El dinero de la minería ilegal, que genera más de 4,600 millones de dólares al año, representa una amenaza directa a la transparencia de las Elecciones Generales y Subnacionales de 2026. Así lo advierte el informe Tendencias y alertas 4 – Estimaciones de economías ilegales en el Perú, elaborado por el colectivo PAS, que expone cómo estas mafias podrían copar el poder político a nivel nacional.
Según el estudio, este flujo millonario permitiría financiar hasta 2,368 campañas presidenciales, 57,728 campañas al Congreso y más de 51,000 candidaturas regionales y municipales, poniendo en grave riesgo la legitimidad del proceso electoral.
Riesgo de captura del Estado
Para el 2026, especialistas advierten que la minería ilegal no solo buscará colocar representantes en el Congreso que favorezcan sus intereses, sino operadores funcionales en gobiernos regionales y municipales, lo cual podría derivar en la captura institucional del Estado por parte de estas economías ilícitas.
“La minería ilegal ya cuenta con una bancada multipartidaria”, advierte el abogado ambientalista César Ipenza, en referencia a las agrupaciones que han promovido normas a favor de este sector informal, entre ellas: Fuerza Popular, Perú Libre, Avanza País, APP, Acción Popular, Renovación Popular, Podemos Perú y Somos Perú.
Estrategia de infiltración
El informe revela que estas mafias han diseñado una estrategia de infiltración política que abarca desde la afiliación a partidos y la selección de candidatos, hasta la manipulación del debate público y la financiación ilegal de campañas. Para ello, utilizarían:
- Fundaciones y donaciones ficticias
- Empresas fantasma y testaferros
- Consultoras y encuestadoras afines
- Publicidad política encubierta
Este patrón ya ha tenido ejemplos concretos, como el caso del Registro Integral de Formalización Minera (Reinfo), manipulado desde el Congreso para favorecer a operadores ilegales.

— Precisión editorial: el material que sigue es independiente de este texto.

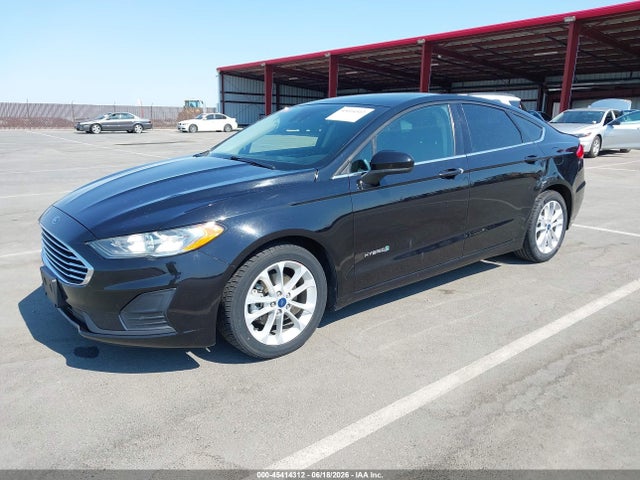 3FA6P0LU7KR135795 Ford Fusion Hybrid Se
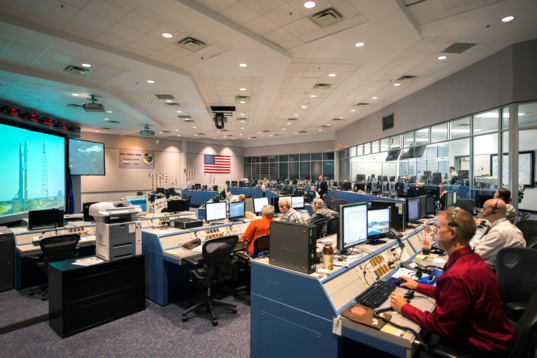 Atlas V (AFSPC-5, X37-B, Lightsail-A) - 20.05.2015 - Page 3 20150521_navidbaraty-missioncontrol-16_f537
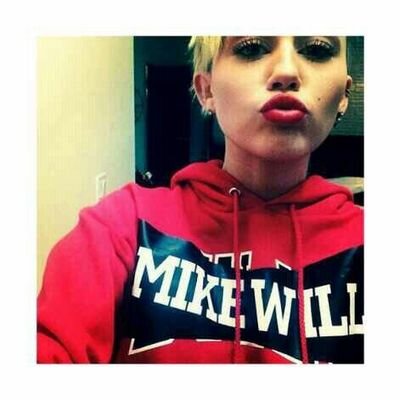 Victorya Cyrus♡                                                     Mi distruggo e mi rialzo,
Ameresti un disastro?                                     Dafne♡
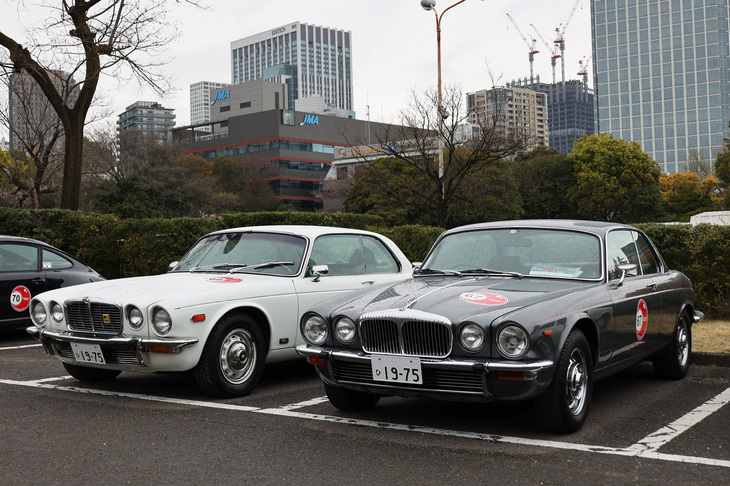 エレガントな初代「ジャガーXJ」の2ドアハードトップクーペ。左は「XJ6C」、右はバッジエンジニアリングによるデイムラー版の「ソブリン2ドア」。どちらも1975年式の「シリーズ2」。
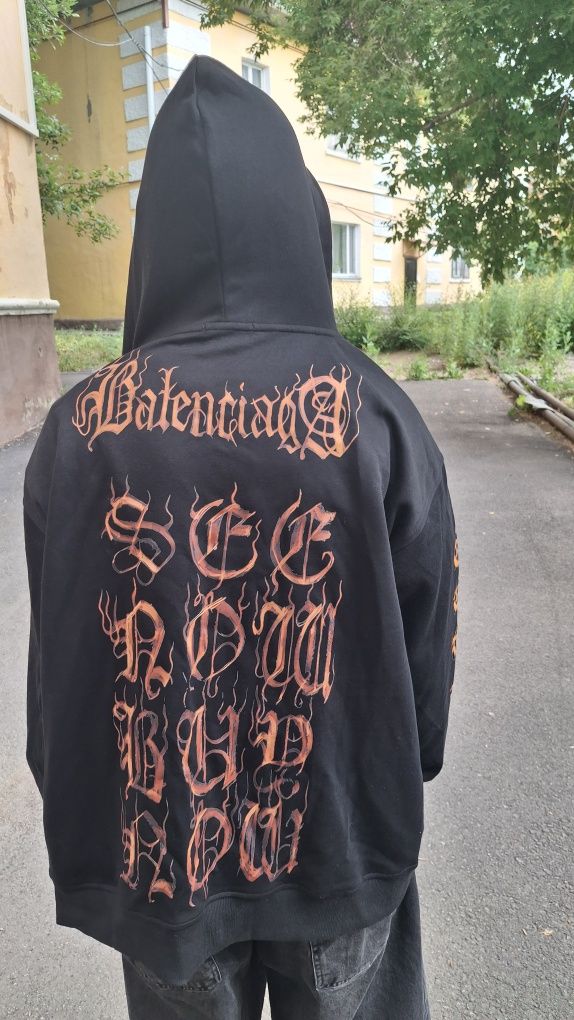 Зипка Balenciaga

Falta de control del Estado
Pese a las alertas, desde el Estado no se observa una respuesta contundente. No se ha fortalecido la inteligencia financiera ni la fiscalización de aportes de campaña, y los partidos políticos siguen sin mecanismos transparentes y verificables que garanticen la limpieza de sus fuentes de financiamiento.
“El peligro no es solo la corrupción, sino la captura del poder”, advierte el colectivo PAS, señalando que, de no corregirse el rumbo, en 2026 podríamos tener un gobierno funcional a las economías ilegales.